It says possess a quota hunting permit, does that mean the letter we got or do we get something during the meeting?


----------



## onemoretime (Dec 3, 2009)

anybody going up early .. i will be there sunday


----------



## CharrDad (Dec 3, 2009)

bam bam, I think we get our official hunt permit during the mandatory pre-hunt meeting.


----------



## whtlhntr (Dec 3, 2009)

*early*

heading up early monday morning

this google earth scouting isn't working so good, tried it with the flight simulator and crashed about 5 times, these controls don't work so good, and i don't feel so good


----------



## Dr_Science (Dec 3, 2009)

Hey Semi-Pro, thanks for that refresher- I haven't seen my letter in a few weeks. 

I exhausted my 2-point priority stash for this one, so I'm hoping it's worth it. 

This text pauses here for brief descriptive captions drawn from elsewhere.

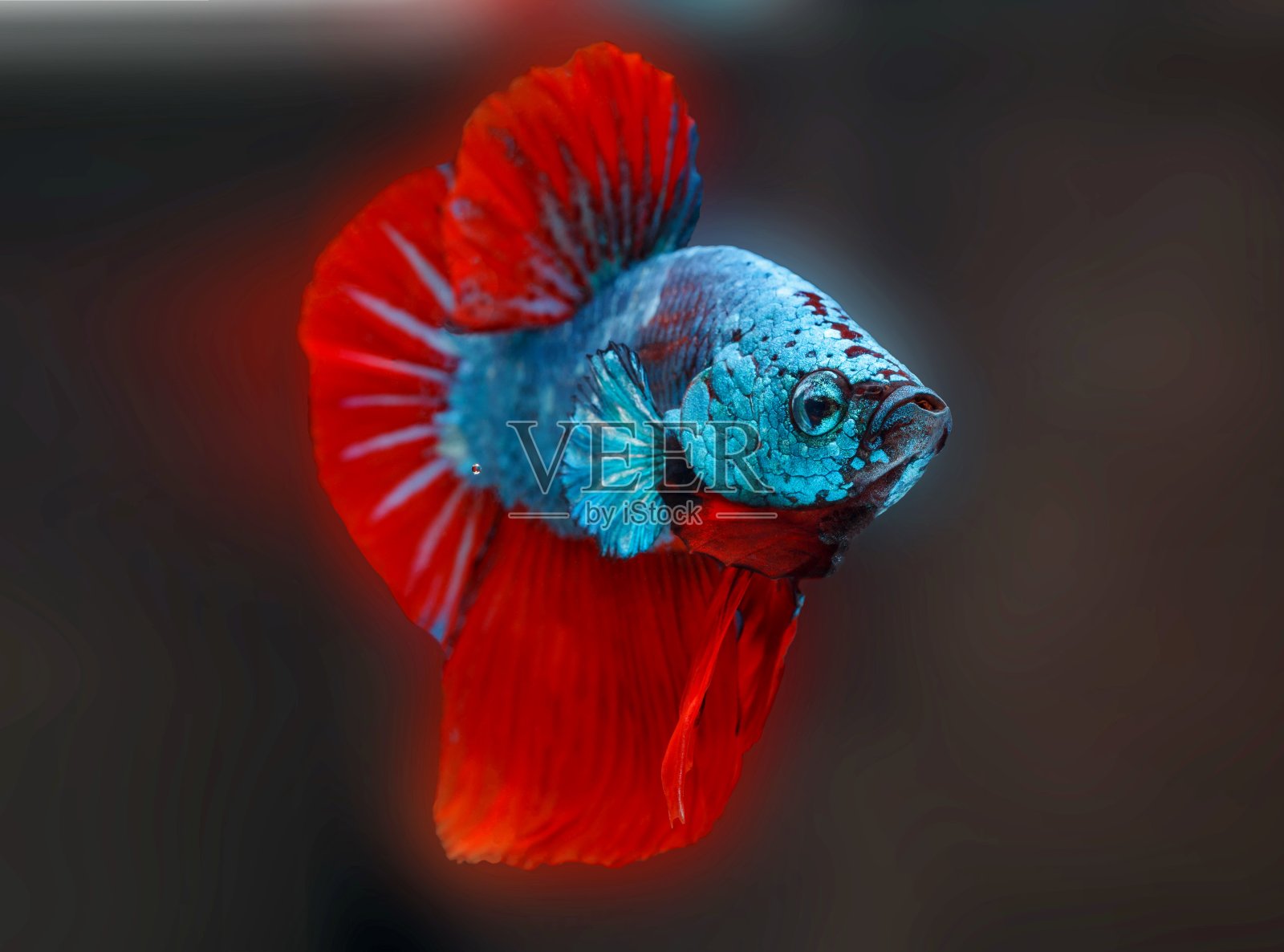 暹罗斗鱼，一串红斗鱼，蓝鱼，模糊的背景，半月斗鱼。照片摄影图片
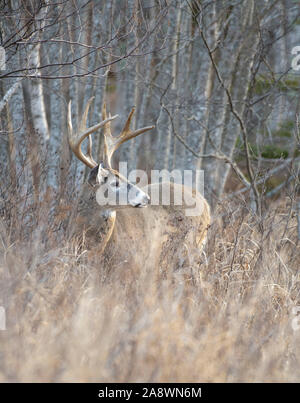 Weißwedelhirsche (Odocoileus virginianus). Reifen Buck während der Paarungszeit. Acadia National Park, Maine, USA. Stockfoto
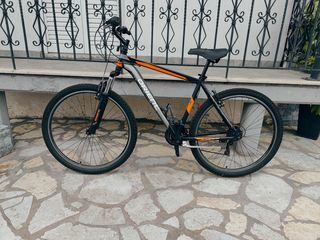 Trekking Orient 2022 Steed alu 29-thumb-1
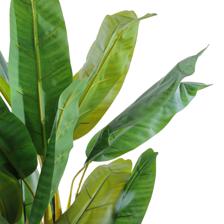 BANANA C/ POTE - 592-460160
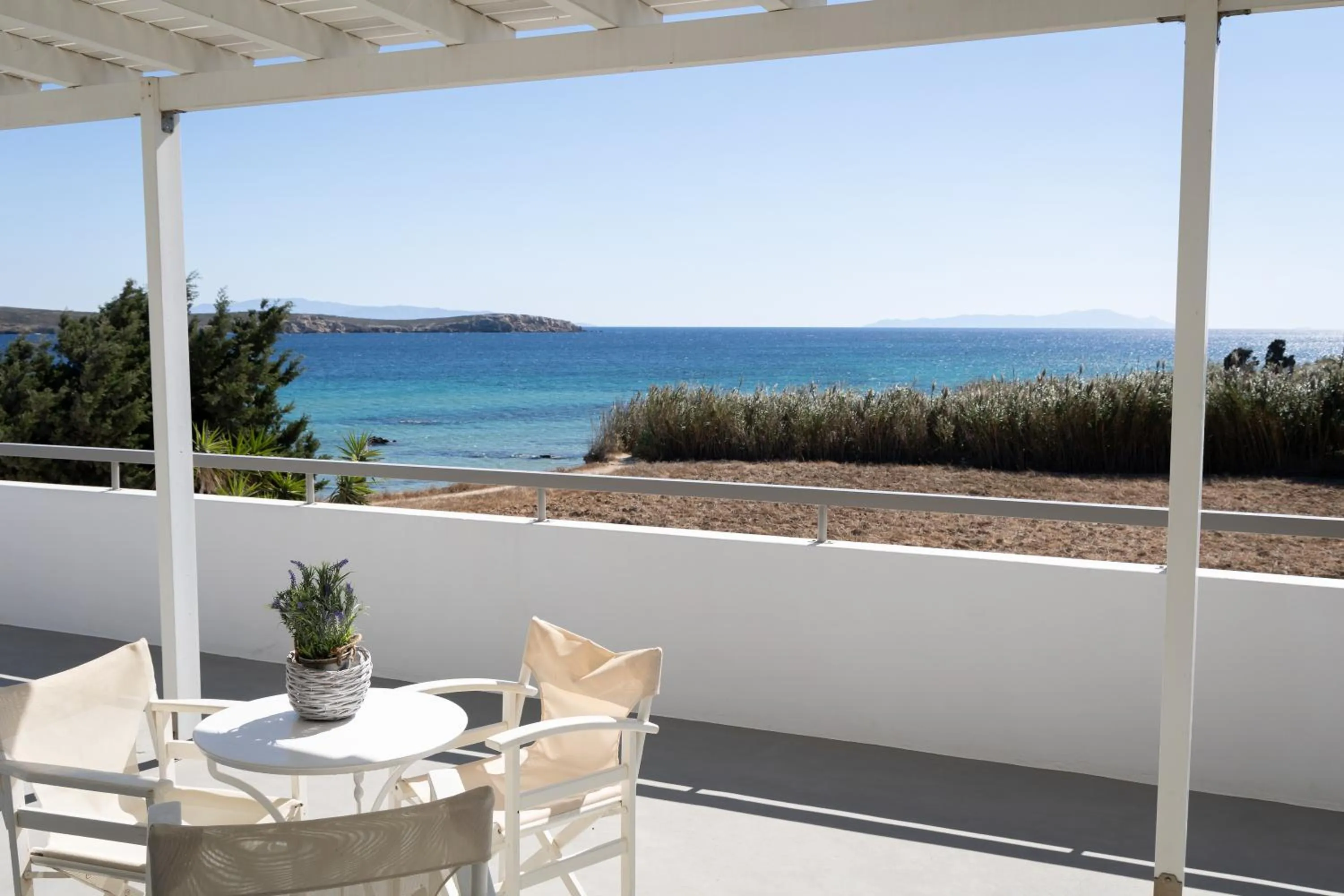 Natural landscape in Seample studios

Hey Charlie, or someone else, can you tell us where we ought to send our $30?


----------



## CharrDad (Dec 3, 2009)

Dr. Science, You may want to give them a call at the Park about the $30 payment. I paid mine over the phone. If I'm not mistaken there is a deadline on the payment.


----------



## whtlhntr (Dec 4, 2009)

Think the deadline is 2 days prior to the hunt.  I called earlier this week and paid over the phone, got my receipt yesterday in the mail.


----------



## Dr_Science (Dec 4, 2009)

Thanks, yall. I'll give em a holler right now.


----------



## CharrDad (Dec 7, 2009)

All right! It's time to load 'em up. 
Hope to see everybody at the meeting this evening. Don't forget to bring your rain jacket.


----------



## whtlhntr (Dec 10, 2009)

Rain jacket sure was appropiate on Day 1, Day 2 wasn't too bad.  Great change from the swamps, for sure.  Know that next time I'll be closer to the road.  1200 yard drag, over Pine Mountain, still sore.  Glad I passed on the does.  Will definitely be looking forward to that hunt again, maybe in 3 or 4 years when I can get my priority points built back up.  By the way, I don't think I'm part of the 8%, must of been my buddy.
Sure wish his right side was a nice as his left, would have loved to have run into the one that did the damage


----------



## Paymaster (Dec 10, 2009)

Too bad about the one side but man! he is a stud! Congrats!!!!!


----------



## huntindawg (Dec 10, 2009)

whtlhntr said:


> Rain jacket sure was appropiate on Day 1, Day 2 wasn't too bad.  Great change from the swamps, for sure.  Know that next time I'll be closer to the road.  1200 yard drag, over Pine Mountain, still sore.  *Glad I passed on the does. * Will definitely be looking forward to that hunt again, maybe in 3 or 4 years when I can get my priority points built back up.  By the way, I don't think I'm part of the 8%, must of been my buddy.
> Sure wish his right side was a nice as his left, would have loved to have run into the one that did the damage


----------



## whtlhntr (Dec 11, 2009)

If I had seen a doe on day 1 I'd of took her as required by the hunt rules, day 2 you could shoot what showed, they showed after the buck and I wasn't about to take on more dragging.


----------



## Minner (Dec 12, 2009)

Nice buck, whtlhntr! Congratulations!

My Dad killed one a lot like that last month at Pigeon Mtn. WMA. Right side was broken just about where yours was. Left side was fine. Like you, we'd liked to have seen the one that broke it off.


----------